In 2003, during his last hunt, Jones earned a spot high up in the Boone & Crockett record books after he killed a massive seven-by-seven bull elk in Arizona.

Aaron and Marie also loved to ride horses. Aaron was an excellent horseman who enjoyed trips to eastern Oregon, where he could be seen racing over rough ground at breakneck speed, rounding up wild horses with Basque shepherders. Their shared passion for horses and Thoroughbred racing developed into a thriving second business raising and breeding horses. Their best finish in the Kentucky Derby was fourth, but one of their horses won the Preakness, a horse sired by one of their stallions won the Belmont Stakes, and their horses also won several Breeders’ Cup races. The successful operation breeding championship Thoroughbreds continues today in Kentucky.

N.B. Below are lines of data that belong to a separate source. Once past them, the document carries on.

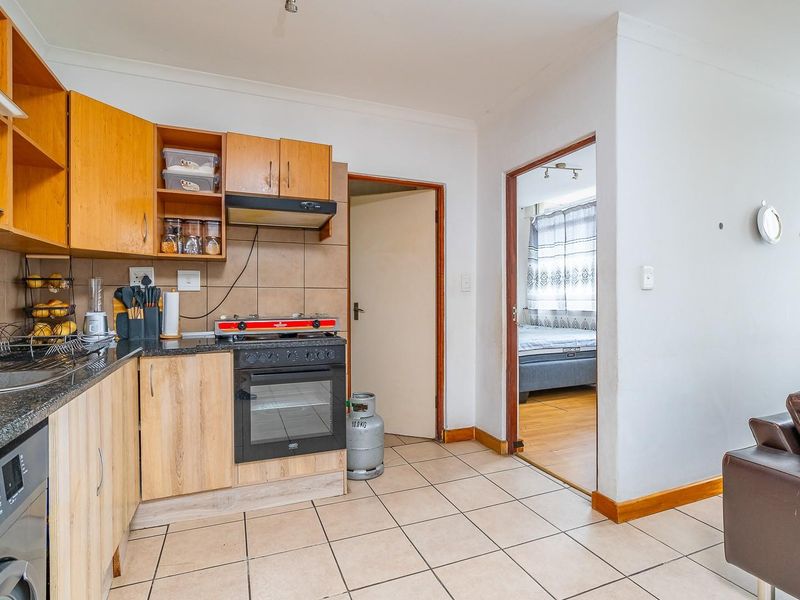 4th-Floor Living in the Heart of Randburg - Photo 6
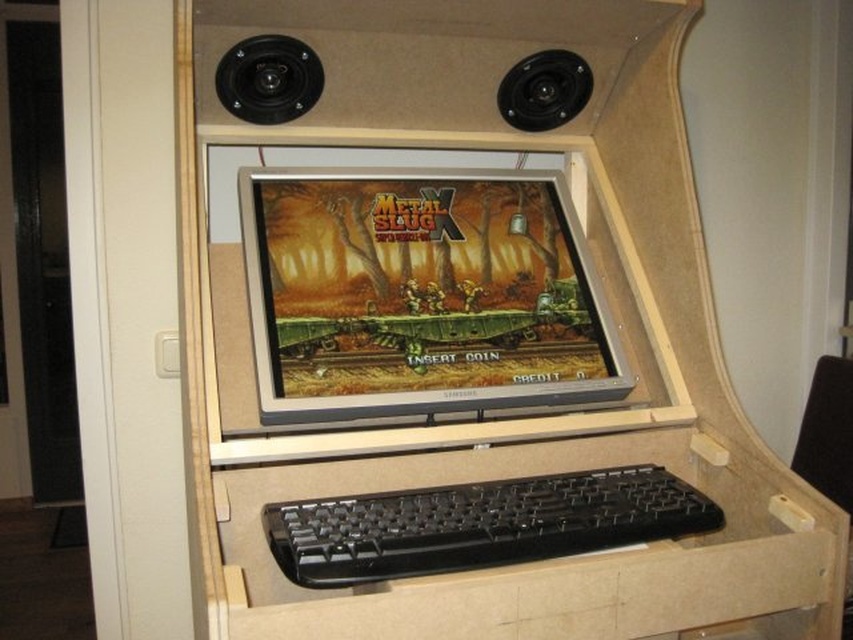 Afbeeldingslocatie: https://tweakers.net/i/EV5ZbJe6groI5PK5DRLqZoztzTw=/full-fit-in/4920x3264/filters:max_bytes(3145728):no_upscale():strip_icc():fill(white):strip_exif()/f/image/OR9PLMtl9wGP3qyBVVy4rj6G.jpg?f=user_large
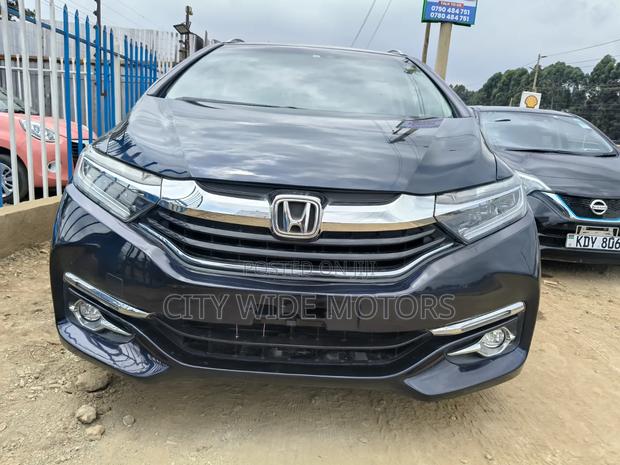 Honda Fit Shuttle 2019 Blue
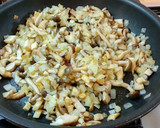 Foto del paso 2 de la receta: 173.🥟Empanadas de masa filo de espinacas, setas y ricota🍄‍🟫🧀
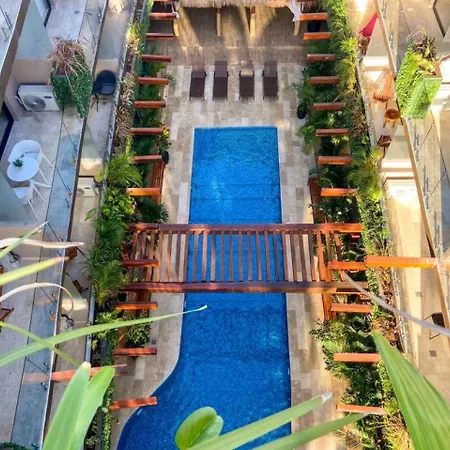 Apartment Vibrant With Amenities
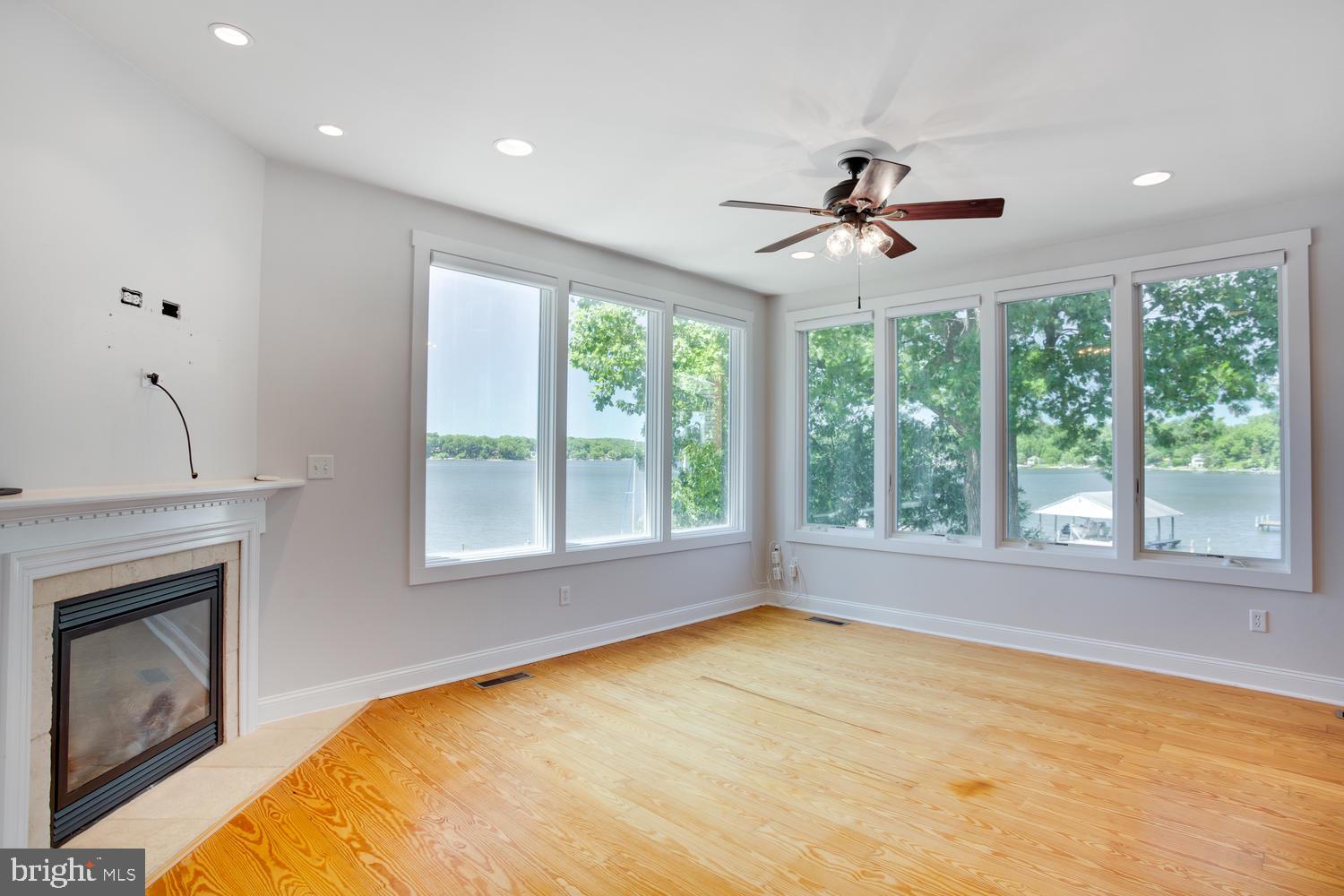 223 Long Point Road Crownsville, MD 21032 - Photo 13 of 41 Family Room
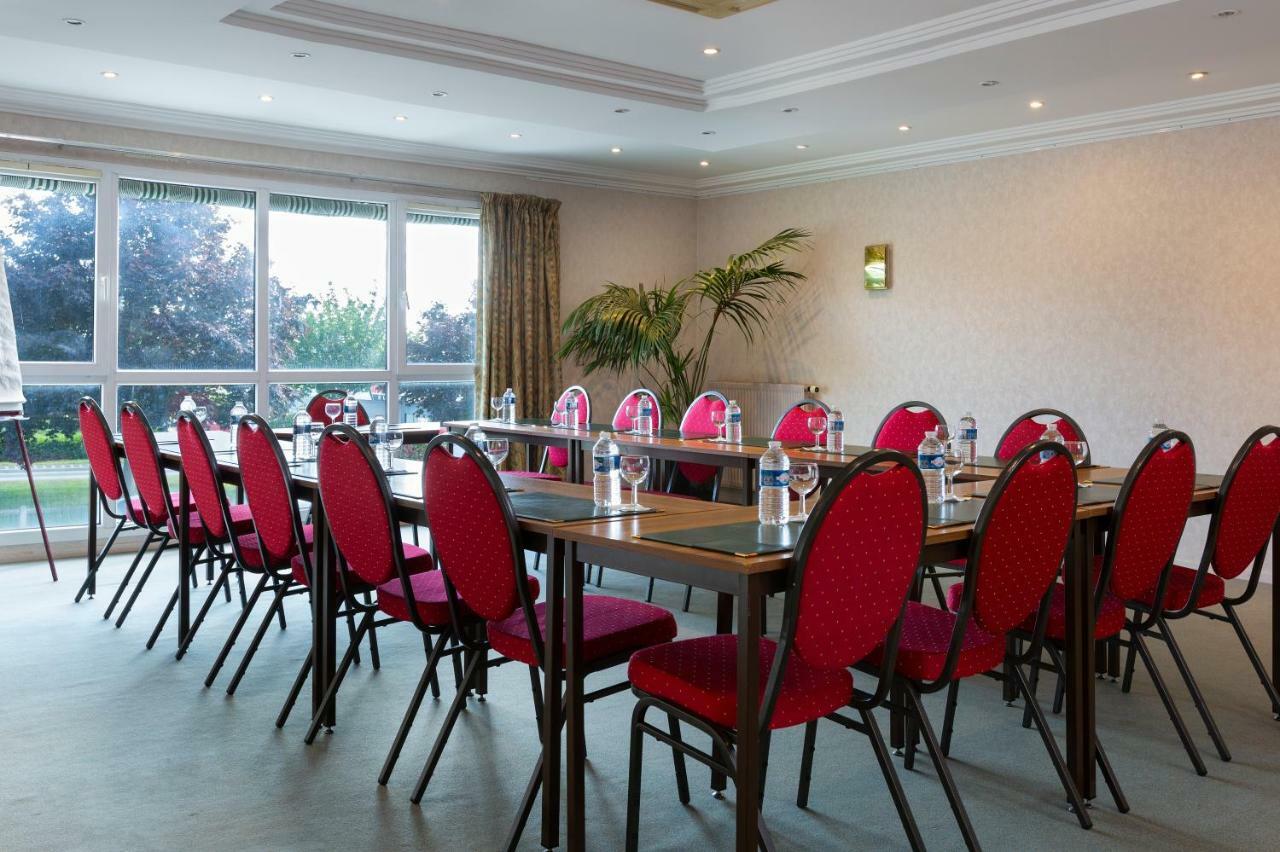 Hotel Altina Pacy-sur-Eure Екстериор снимка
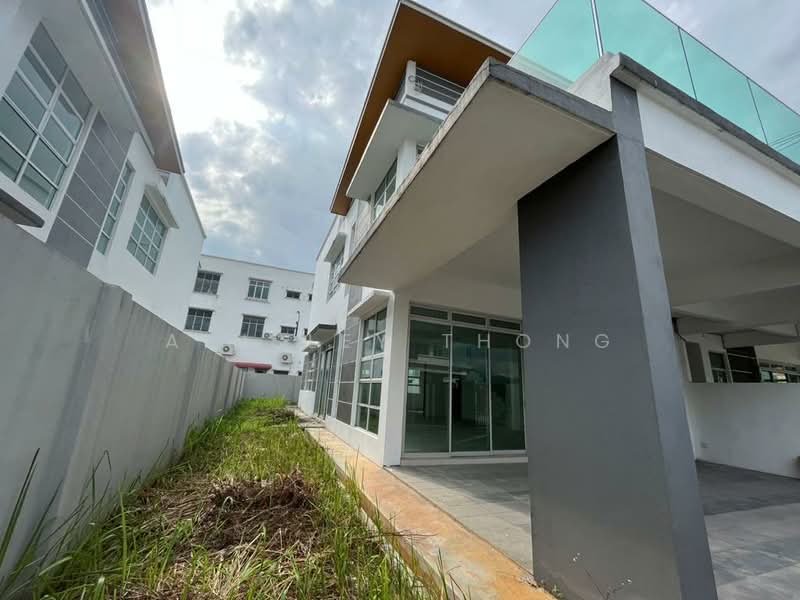 Rumah Berkembar untuk Dijual di Taman Klebang Perdana (Chemor) - Ainsley Thong - Exterior - PropertyGuru.com.my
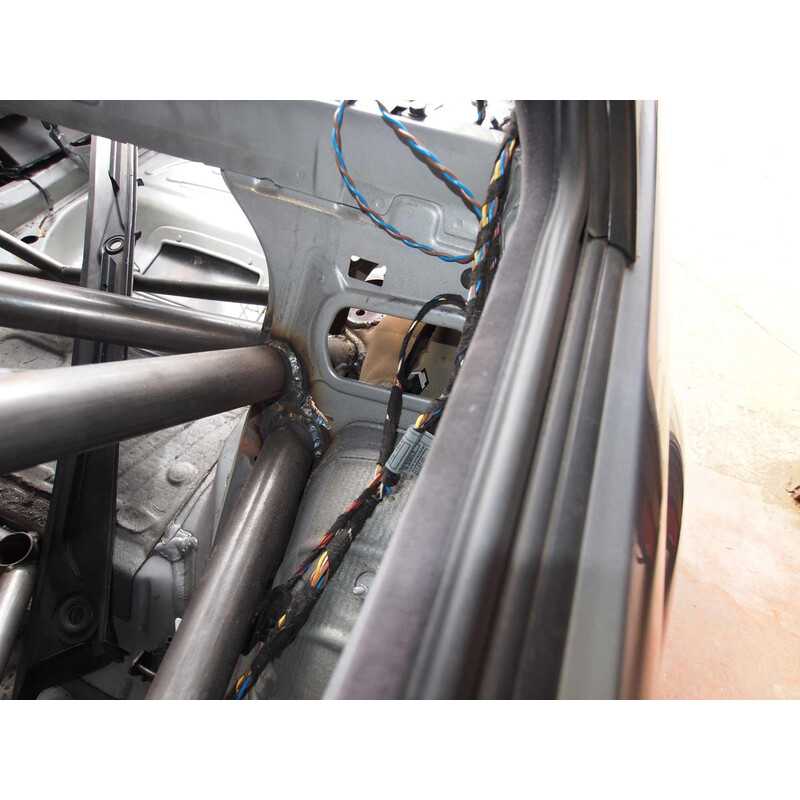 Custom Cages Multipoint Weld-In Roll Cage for BMW E46 2 Door, inc. M3 - FIA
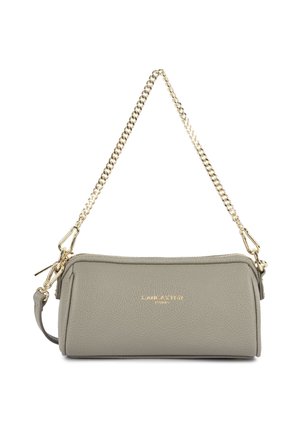 Sac à main rectangulaire en cuir gris avec bandoulière chaîne dorée et fermeture éclair, doté d'un petit logo doré embossé au centre avant.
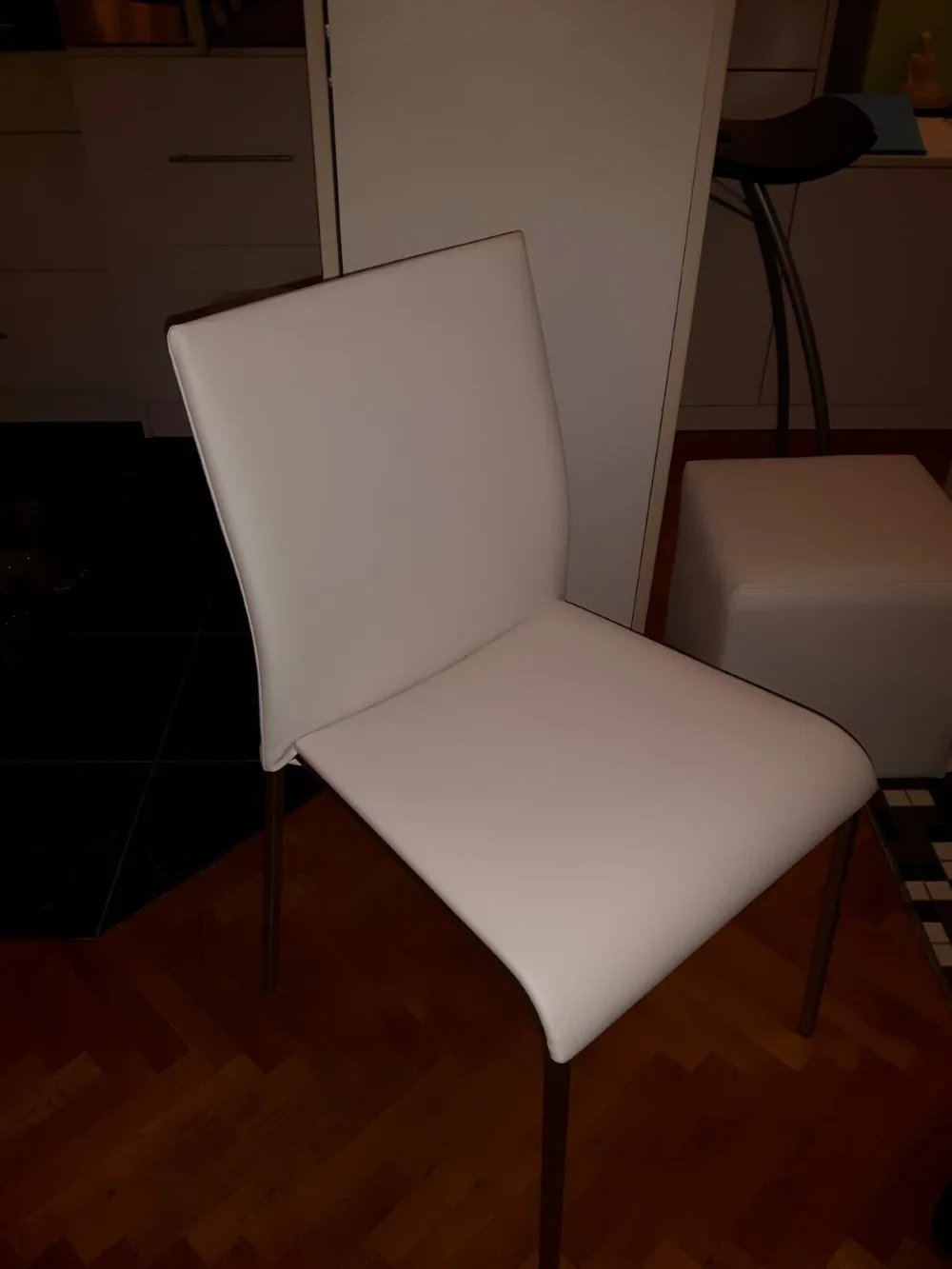 Stolice, fotelje, klupe, tabure — rad 109, tapeciranje Romana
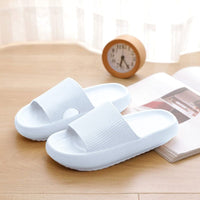 Komfortable Dämpfende Slippers - Nora in Weiß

Jones is perhaps best known for having a big heart. His philanthropic endeavors were many. In addition to his financial support of RMEF, he also gave generously to the Festival of Trees, Volunteers in Medicine and Marist High School as well as the University of Oregon’s athletic program and business school. He was a proud father, grandfather and great-grandfather who loved children and inspired those around him with his integrity and honesty.

As the bulls bugled all across elk country, Jones died on September 22, 2014, his favorite time of year. He is survived by his wife, three daughters, one stepdaughter, six grandchildren, five great-grandchildren and a national conservation organization that reveres his name and lasting legacy.